New Zealand curler (born 1971)

Peter de Boer (born 26 August 1971) is a New Zealand curler originally from Scotland. He currently coaches the New Zealand national men's curling team.

==Career==
De Boer began curling in his native Scotland, where he played in the national championships and also played on the World Curling Tour. He finished in second place in the national championships in 2004 and 2005.

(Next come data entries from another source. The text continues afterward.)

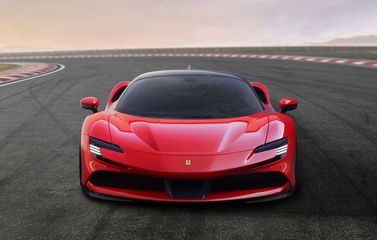 Ferrari SF90 Stradale I, Купе — вид спереди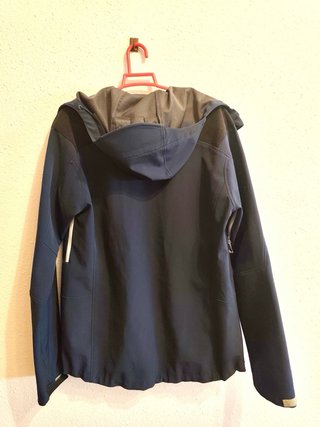 Chaqueta cortavientos Millet K Shield azul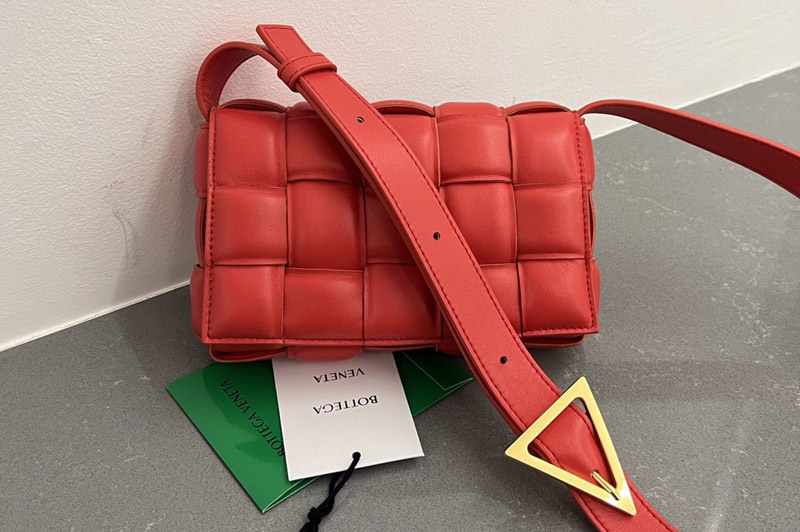 Bottega Veneta 717506 Small Padded Cassette Bag in Red intreccio leather
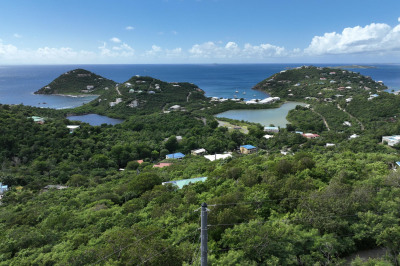 444 Chocolate Hole 1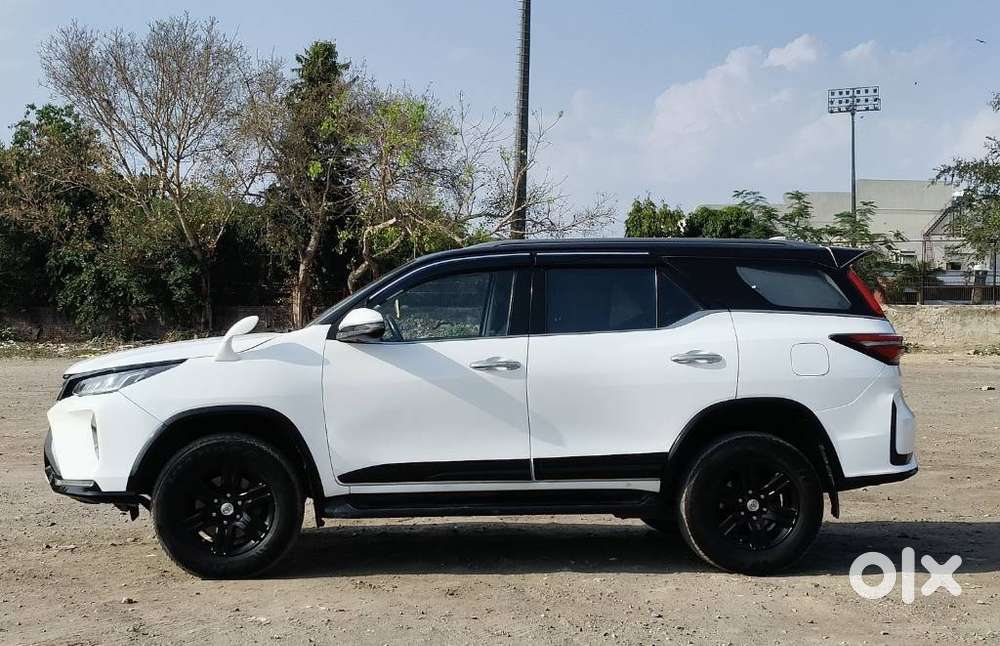 Toyota Fortuner Legender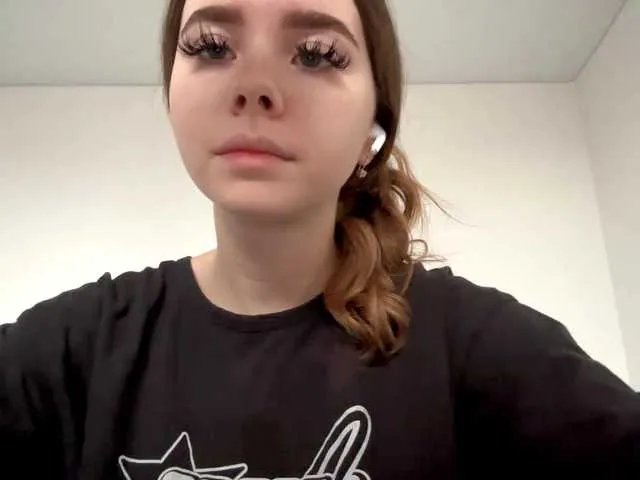 Lil-RO-XO on BongaCams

After moving to New Zealand in 2007, he began curling in New Zealand in 2010, and was selected to play on the national team after a runner-up finish in the New Zealand championships in 2011. De Boer led New Zealand to its best finish at the 2011 Pacific-Asia Curling Championships in recent years, winning a silver and a medal, and going to the world championships, where they finished in fifth place. However, at the 2012 Pacific-Asia Curling Championships, he led New Zealand to a less successful result, placing 6th.

==Personal life==
De Boer is married and has three daughters. He works as a business coach and is self employed. He lives in Wellington, New Zealand. He studied at the University of Edinburgh.